A short review of Nokia Lumia 925
NOKIA’S new Lumia 925 Windows smartphone is nicely made, has a beautiful screen and a great camera, but falls short on storage.
The 925 is Nokia’s flagship Windows phone until the imminent arrival of the Lumia 1020 and its monster 41 megapixel camera.
The 925 builds on the Nokia 920 Windows Phone released last year and the pair share many features although the 925 fixes the 920’s main bugbear, especially for people with small hands. The 920 was just too big for many, including me, at 10.72 x 130.3 x 70.8 and 185g and the sharp corners on its polycarbonate case made it uncomfortable to hold.
The 925 is more svelte at 139g and dimensions of 8.51 x 129 x 70.6mm and Nokia has mercifully rounded off the case corners.
Despite its big 4.5-inch screen, the 925 is light, wieldy and looks classy with its aluminium frame and polycarbonate back panel.

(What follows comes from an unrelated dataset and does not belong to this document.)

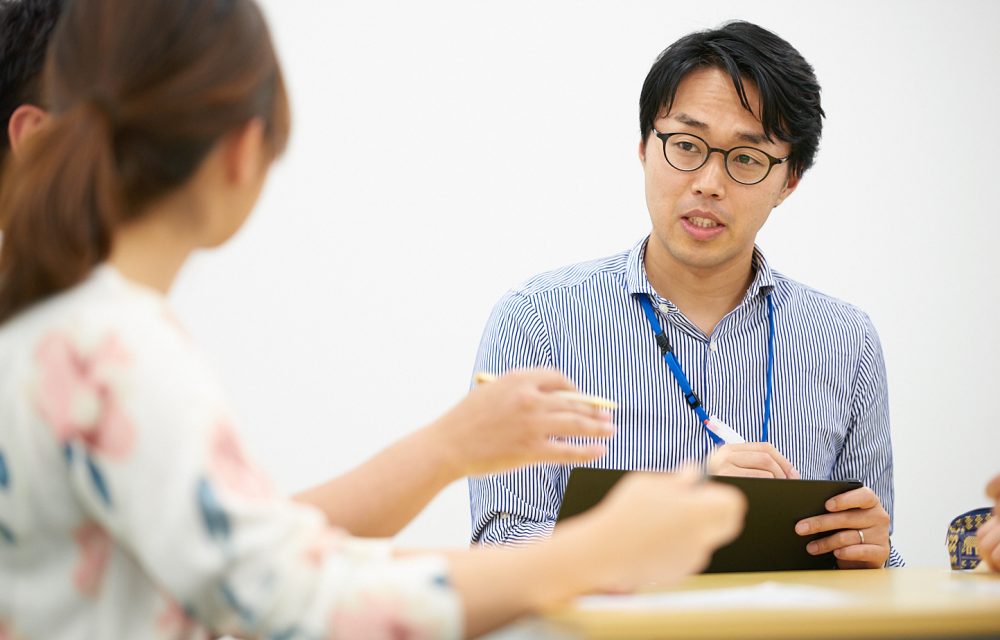 うつからの“復帰後の不安”を軽減するために　ー「職場定着支援」のご紹介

My only concern with the case is the main camera, which sits in a raised bump in the middle of the top third of the case where it’s prone to cop fingerprints on the lens. It pays to carry a cleaning cloth if you want the best out of the camera.
The 8.7 megapixel has a lot of technology going for it with no fewer than six Carl Zeiss lenses, optical image stabilisation and low-light ability backed up by a double LED flash.
There’s also plenty of shot features such as remove moving object to get rid of picture trolls, action shot which creates a sequence of movement in a single image and a bunch of extra special effects contained in various apps for the camera.
I liked the image stabilisation feature that helps reduce blur in stills and video by damping out the operator’s shaky hands.
There’s an OK 1.2 megapixel camera at the front for videoconferencing and selfies.
The active-matrix organic light-emitting diode (AMOLED) 4.5-inch screen is the best screen I have viewed on a Windows phone and one of the best on any smartphone. Blacks are blacks on this screen, colours are punchy and the 1280 by 768 pixel display is a great platform for showing the pics and videos the camera is capable of. It’s clear and easy to read from any viewing angle and works very well in bright sunlight. A neat little feature called Nokia Glance provides a clock read-out in the display when the phone is in battery-saving standby mode.
Besides the excellent screen and camera, the 925 also has near-field communications for transactions on the go, a full sensor suite with ambient light, accelerometer, proximity, gyroscope and a magnetometer and a 2000mAh battery that will get you through a full day.
A 1.5Ghz Snapdragon processor with 1GB of system memory powers the gadget and, while it is dual core and not quad core, I found navigating through Windows Phone 8 to be fast and fluid.
The major disappointment with the Nokia 925 is the main memory, or lack of it. The base model has only 16GB and that is what you are stuck with – there is no micro SD slot for boosting the memory.
Given this phone is sold heavily on its camera abilities, 16GB will run out pretty quickly, especially with heavy video use. You can shift pics and videos off on to cloud storage options and Nokia spruiks 7GB of storage on Microsoft’s Skydrive service as a feature, but given the tight data caps on phone plans I’d wait until I was around a friendly WiFi connection before purging memory into the cloud.
There is a 32GB version of the 925, but for the time being that model remains exclusive to Vodafone. All other 925s , whether through a telco or a retailer, are 16GB. Other than a shortage of memory, the 925 is arguably the best Windows smartphone to date.